**Work item**:
Spot each line in the data below containing "review" and copy it.

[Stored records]
↓

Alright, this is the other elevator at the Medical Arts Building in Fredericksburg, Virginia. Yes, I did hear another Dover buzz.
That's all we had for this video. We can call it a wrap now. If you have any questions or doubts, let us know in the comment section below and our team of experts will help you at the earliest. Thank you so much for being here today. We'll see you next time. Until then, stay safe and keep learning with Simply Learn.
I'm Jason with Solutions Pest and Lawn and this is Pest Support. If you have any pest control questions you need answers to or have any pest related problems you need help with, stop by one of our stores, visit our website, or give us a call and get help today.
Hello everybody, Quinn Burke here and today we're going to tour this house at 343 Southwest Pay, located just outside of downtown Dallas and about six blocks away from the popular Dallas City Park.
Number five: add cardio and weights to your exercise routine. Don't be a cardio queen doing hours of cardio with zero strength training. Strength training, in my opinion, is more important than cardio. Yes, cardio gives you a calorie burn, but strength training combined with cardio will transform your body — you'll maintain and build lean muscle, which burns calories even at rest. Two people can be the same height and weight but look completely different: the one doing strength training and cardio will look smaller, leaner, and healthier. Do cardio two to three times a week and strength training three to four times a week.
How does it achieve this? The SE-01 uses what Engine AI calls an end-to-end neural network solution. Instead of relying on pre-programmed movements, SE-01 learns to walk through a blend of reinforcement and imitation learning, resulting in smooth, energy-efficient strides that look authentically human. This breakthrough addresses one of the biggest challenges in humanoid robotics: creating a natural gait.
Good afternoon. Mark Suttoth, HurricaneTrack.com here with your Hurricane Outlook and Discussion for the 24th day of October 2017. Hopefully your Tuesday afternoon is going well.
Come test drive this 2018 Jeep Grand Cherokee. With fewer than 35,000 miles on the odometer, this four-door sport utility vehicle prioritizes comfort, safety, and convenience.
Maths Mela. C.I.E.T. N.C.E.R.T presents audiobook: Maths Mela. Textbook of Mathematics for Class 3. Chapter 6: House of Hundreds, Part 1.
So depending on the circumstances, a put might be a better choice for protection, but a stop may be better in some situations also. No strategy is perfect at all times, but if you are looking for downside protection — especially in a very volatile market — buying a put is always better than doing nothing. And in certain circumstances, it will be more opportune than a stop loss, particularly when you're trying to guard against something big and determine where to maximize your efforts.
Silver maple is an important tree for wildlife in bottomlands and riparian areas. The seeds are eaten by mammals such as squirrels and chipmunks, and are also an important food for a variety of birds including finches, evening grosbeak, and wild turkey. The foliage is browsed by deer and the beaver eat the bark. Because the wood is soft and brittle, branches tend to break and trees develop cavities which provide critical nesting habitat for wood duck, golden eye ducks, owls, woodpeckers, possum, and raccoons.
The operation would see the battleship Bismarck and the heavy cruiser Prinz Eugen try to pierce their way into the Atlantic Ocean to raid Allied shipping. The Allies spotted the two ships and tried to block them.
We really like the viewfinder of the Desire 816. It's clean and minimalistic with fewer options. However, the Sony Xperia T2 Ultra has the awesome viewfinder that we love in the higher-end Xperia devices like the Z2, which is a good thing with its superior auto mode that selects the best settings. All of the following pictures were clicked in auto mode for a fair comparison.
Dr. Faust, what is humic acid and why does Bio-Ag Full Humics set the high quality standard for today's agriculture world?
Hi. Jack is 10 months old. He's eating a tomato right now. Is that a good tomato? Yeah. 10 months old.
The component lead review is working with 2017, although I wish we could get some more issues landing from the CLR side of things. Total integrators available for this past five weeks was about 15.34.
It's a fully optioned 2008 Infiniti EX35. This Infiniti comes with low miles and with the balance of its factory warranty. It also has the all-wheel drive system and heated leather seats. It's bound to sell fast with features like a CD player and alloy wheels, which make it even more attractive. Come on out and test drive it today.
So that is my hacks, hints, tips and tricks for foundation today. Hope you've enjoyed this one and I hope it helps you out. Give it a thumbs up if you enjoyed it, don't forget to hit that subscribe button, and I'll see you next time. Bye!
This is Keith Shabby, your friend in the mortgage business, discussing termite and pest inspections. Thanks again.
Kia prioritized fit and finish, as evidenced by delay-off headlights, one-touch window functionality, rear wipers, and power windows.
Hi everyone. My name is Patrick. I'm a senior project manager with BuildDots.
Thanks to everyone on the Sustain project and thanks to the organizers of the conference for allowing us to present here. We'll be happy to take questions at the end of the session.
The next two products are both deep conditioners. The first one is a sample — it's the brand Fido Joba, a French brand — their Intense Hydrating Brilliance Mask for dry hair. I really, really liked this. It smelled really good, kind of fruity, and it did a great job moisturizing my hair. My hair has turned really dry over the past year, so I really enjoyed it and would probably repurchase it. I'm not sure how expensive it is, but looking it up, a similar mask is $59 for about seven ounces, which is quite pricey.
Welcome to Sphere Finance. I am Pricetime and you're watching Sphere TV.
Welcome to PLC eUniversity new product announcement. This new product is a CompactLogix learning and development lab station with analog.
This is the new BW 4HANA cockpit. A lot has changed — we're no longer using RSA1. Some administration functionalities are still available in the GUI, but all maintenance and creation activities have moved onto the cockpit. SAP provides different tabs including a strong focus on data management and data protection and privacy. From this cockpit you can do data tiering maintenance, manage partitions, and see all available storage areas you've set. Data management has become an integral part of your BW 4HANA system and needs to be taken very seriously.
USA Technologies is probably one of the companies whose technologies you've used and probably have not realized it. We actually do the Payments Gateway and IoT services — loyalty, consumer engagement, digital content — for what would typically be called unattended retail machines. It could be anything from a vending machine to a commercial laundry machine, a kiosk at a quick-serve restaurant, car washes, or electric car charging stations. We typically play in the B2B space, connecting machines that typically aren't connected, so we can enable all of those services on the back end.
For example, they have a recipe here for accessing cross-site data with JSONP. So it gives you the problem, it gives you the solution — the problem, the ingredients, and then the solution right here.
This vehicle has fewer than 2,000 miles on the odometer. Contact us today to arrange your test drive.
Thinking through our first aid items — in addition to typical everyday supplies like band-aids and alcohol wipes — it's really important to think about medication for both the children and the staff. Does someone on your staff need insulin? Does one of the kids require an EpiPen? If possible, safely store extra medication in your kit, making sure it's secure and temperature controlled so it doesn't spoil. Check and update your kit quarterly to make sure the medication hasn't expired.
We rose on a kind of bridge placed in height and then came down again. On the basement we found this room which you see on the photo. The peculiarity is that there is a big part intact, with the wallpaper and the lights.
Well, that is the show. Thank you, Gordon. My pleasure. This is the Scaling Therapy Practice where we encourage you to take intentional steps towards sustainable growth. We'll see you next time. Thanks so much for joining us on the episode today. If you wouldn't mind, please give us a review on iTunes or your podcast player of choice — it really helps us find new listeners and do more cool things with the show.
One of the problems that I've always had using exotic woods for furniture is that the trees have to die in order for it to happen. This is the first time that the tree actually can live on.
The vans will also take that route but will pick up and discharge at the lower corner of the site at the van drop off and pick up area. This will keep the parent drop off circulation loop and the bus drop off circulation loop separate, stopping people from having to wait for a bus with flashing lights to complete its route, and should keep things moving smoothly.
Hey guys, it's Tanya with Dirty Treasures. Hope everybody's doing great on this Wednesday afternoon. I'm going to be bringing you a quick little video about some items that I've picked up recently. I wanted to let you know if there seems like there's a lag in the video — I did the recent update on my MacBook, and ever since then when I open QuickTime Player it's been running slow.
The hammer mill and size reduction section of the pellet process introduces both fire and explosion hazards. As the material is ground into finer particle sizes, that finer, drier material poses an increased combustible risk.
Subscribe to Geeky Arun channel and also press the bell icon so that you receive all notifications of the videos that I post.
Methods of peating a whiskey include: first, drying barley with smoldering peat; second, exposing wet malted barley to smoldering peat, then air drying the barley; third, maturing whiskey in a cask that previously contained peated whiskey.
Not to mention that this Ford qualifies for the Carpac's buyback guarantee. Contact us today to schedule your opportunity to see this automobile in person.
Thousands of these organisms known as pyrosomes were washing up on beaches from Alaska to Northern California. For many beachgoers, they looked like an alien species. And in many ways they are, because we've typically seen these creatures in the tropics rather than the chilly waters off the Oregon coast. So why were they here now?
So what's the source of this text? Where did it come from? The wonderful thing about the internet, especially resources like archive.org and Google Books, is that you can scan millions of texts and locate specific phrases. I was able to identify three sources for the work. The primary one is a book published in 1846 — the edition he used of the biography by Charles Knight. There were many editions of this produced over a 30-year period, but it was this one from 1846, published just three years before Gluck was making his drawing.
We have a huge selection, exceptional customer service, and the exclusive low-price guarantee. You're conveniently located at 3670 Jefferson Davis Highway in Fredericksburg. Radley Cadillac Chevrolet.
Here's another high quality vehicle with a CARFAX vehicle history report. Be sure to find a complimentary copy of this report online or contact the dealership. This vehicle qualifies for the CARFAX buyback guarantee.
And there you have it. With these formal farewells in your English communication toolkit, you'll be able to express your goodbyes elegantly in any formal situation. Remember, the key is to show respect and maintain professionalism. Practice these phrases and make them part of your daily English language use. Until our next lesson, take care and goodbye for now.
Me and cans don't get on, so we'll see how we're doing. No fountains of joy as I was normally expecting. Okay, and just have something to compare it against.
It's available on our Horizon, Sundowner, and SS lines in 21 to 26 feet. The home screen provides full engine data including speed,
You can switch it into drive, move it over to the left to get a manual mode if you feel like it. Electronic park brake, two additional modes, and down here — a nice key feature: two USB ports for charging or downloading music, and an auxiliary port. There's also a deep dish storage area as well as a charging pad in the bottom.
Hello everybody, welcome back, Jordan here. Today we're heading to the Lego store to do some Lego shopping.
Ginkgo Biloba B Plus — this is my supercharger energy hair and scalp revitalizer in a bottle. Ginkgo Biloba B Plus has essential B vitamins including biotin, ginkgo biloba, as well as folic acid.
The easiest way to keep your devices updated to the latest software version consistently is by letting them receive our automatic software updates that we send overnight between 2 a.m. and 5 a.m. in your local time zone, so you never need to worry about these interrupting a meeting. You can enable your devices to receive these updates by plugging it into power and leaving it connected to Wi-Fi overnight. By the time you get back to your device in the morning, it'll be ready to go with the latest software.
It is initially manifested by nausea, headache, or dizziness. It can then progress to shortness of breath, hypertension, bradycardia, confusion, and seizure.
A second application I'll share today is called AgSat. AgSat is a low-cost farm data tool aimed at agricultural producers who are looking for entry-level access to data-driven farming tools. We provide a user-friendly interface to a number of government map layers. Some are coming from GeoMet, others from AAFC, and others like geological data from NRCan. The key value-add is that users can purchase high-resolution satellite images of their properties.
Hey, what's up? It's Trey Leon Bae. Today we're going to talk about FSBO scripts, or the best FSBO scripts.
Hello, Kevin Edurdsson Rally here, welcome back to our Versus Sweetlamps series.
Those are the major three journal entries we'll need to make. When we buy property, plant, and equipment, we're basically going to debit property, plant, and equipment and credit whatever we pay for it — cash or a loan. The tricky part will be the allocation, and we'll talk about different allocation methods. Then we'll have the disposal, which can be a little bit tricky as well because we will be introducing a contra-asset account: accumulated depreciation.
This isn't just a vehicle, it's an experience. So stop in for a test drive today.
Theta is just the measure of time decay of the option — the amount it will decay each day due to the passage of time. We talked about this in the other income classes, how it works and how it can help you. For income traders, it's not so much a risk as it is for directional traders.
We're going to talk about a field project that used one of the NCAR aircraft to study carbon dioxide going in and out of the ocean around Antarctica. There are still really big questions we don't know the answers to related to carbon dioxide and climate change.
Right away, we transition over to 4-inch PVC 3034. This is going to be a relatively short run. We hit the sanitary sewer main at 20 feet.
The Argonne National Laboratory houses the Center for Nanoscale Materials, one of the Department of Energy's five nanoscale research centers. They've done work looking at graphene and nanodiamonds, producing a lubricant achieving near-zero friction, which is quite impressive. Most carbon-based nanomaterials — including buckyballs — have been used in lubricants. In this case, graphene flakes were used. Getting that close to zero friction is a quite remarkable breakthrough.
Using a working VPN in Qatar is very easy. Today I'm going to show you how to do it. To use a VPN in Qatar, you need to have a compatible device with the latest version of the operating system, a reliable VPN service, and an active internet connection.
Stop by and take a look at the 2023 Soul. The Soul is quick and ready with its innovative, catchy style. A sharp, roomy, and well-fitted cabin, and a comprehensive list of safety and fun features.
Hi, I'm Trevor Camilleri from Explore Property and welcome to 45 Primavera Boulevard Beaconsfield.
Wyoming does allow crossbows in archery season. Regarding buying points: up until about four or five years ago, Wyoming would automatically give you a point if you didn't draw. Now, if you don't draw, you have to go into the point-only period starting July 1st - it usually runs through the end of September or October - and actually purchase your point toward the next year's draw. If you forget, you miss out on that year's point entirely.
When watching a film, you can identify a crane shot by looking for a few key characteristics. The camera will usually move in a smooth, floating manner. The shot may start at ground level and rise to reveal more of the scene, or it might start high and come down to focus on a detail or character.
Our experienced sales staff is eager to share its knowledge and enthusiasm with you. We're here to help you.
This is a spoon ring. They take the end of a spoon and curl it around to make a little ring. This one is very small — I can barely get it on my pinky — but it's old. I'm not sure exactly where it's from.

↑

**Output for this task**:
The component lead review is working with 2017, although I wish we could get some more issues landing from the CLR side of things. Total integrators available for this past five weeks was about 15.34.
Well, that is the show. Thank you, Gordon. My pleasure. This is the Scaling Therapy Practice where we encourage you to take intentional steps towards sustainable growth. We'll see you next time. Thanks so much for joining us on the episode today. If you wouldn't mind, please give us a review on iTunes or your podcast player of choice — it really helps us find new listeners and do more cool things with the show.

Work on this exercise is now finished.